Before the guests came by, we all stood and grasped hands to sing a blessing over the food. This music was not a solemn hymn but rather a jaunty tune with words I did not recognize. This blessing seemed to lift the hearts of people in the group before we sat down to eat.

Not all of those who lined up to receive food were guests from outside. Some were insiders, members of the parish who had come to share fellowship with the visitors.

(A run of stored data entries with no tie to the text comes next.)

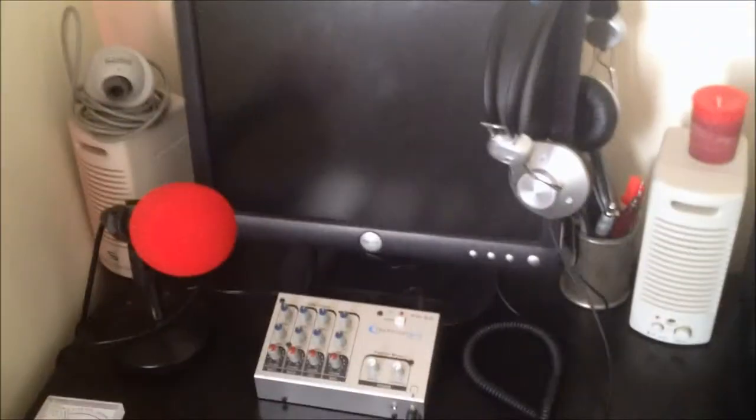Hello everybody. Since everybody has a little bit of an interest in the EMF detectors and what can set them off and shielding, I'm going to show you a little bit of an experiment here in my office. This is my desk, and I've set up a whole bunch of EMF meters across the board.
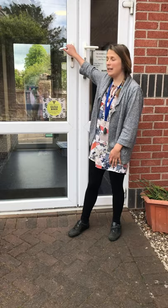Hello everybody. So this is the door that you would come in every morning. The mums and dads line up here and sometimes the children have a little play before the door is opened.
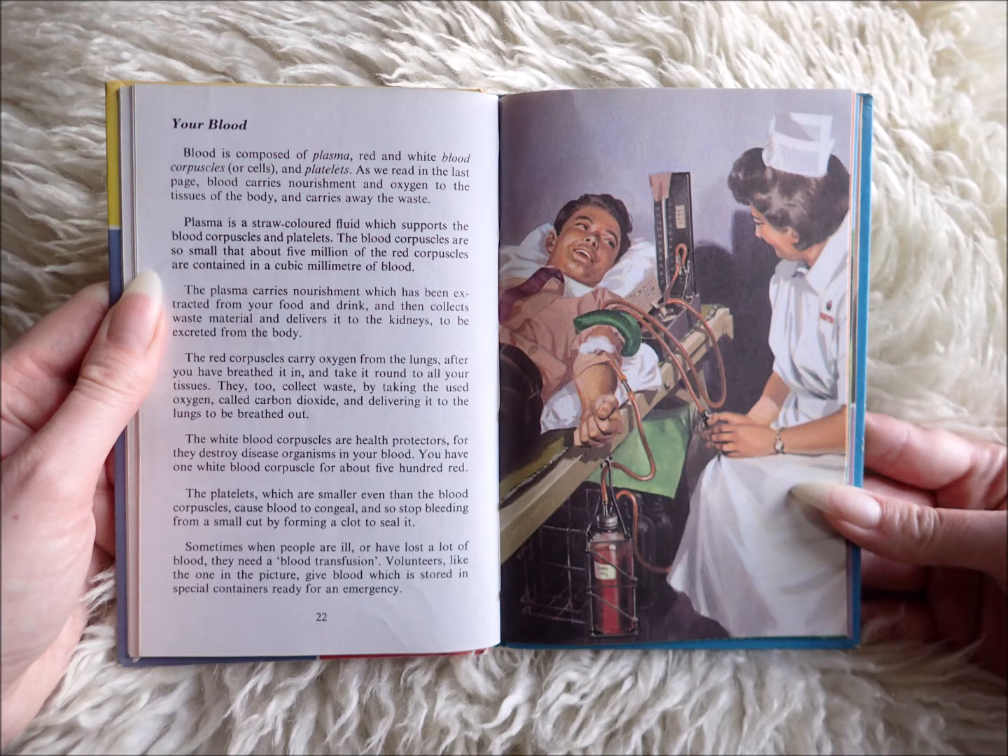The red corpuscles carry oxygen from the lungs after you have breathed it in and take it round to all your tissues. They too collect waste by taking the used oxygen, called carbon dioxide, and delivering it to the lungs to be breathed out.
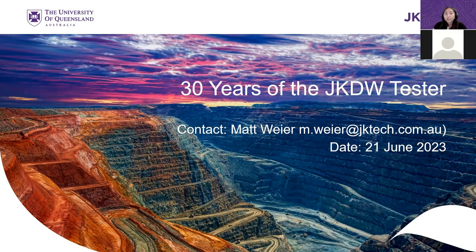Hello, everyone, and welcome to this month's JK Tech webinar. Today's webinar will be about the JK drop weight tester and 30 years of the JK drop weight tester. 30 years ago, the first JK drop weight tester was commissioned at the Julius Krushnet Mineral Research Centre in Brisbane, Australia.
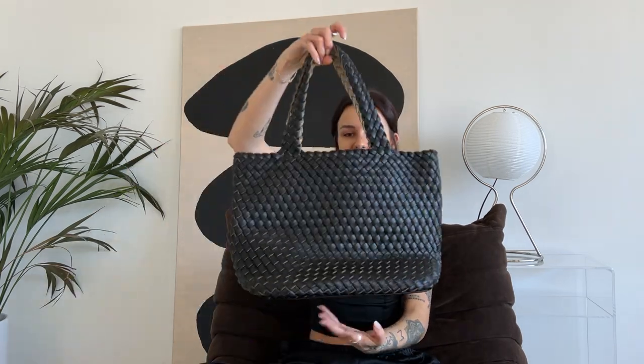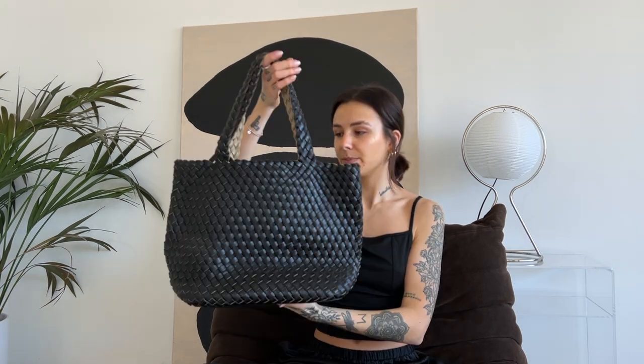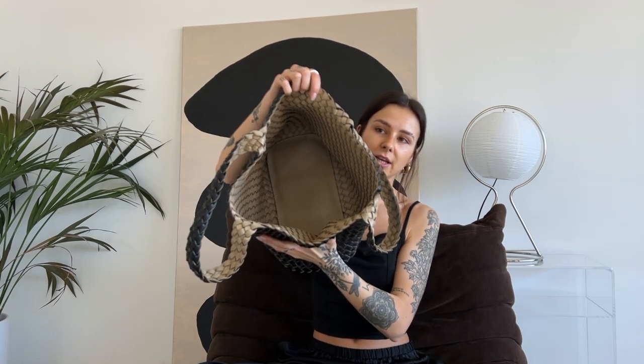Another designer bag I have is this Gucci mini bag. You can also wear it as a handbag — you can put the strap away — but I prefer to wear it crossbody. I got this from a vintage store in Switzerland, but I can't remember the name. For me, this is a perfect bag for going out. Last but not least is this leather shopper. This one is from W Vintage. Unfortunately I haven't worn it yet, but I think it's a perfect bag for summer. The inside is so beautiful — it's all beige.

Among those parishioners already known to me I noticed Frances, a college sophomore, who sat and ate with some of the older people from outside the parish.

This mingling of visitors and parish regulars seemed to me important because it made being there easier for the homeless and other people lacking money who had come because they needed a nutritious meal.

My reason for describing this parish lunch in some detail is because I see it as an important manifestation of community. To me, it expresses who we are spiritually, a community of believers who try to extend to others the love we have received ourselves.

Serving food to others in this setting is not mere “do-goodism” but rather an action grounded in spirituality. As people blessed by the Lord, we think it vital to share the inner wealth given us by God. And since Christians believe that Jesus gave himself in the form of bread, what better way is there for us to share his love?

This sharing of bread with the hungry strikes me as an answer to a problem recently raised by a group of lay leaders in the parish. They feel concern that we are not a community for enough of our members. Too many feel isolated, cut off from personal contact with others.

For instance, a woman who has been coming to our parish church for two years regrets that she has never spoken to anyone during that time and no one has spoken to her. Probably she has shared a word or two with the people around her when exchanging the kiss of peace during the liturgy of the Eucharist, but nothing otherwise.

In response to this situation the lay leaders have issued a call to action designed to change isolation into community. They have taken this initiative because they see community as located at the heart of Christianity.

Christians also believe themselves joined together with Christ and one another with bonds that go beyond what can be seen. These mystical connections are what give the church its basic character –  –  though, admittedly, the church often does not live up to this character.

Christians also feel their church’s call to social justice aiming at human rights for all people, especially those now impoverished and needy. Without community, precious little progress toward peace and justice can ever be achieved.

Left to ourselves, we Americans are notoriously individualistic in the way we live and in what we value. So to push for more community, as the parish lay leaders wish, will require going against some of the values of our culture.

I feel thankful for the opportunity to have shared a meal as one of a community of people needing nourishment, both physical and spiritual.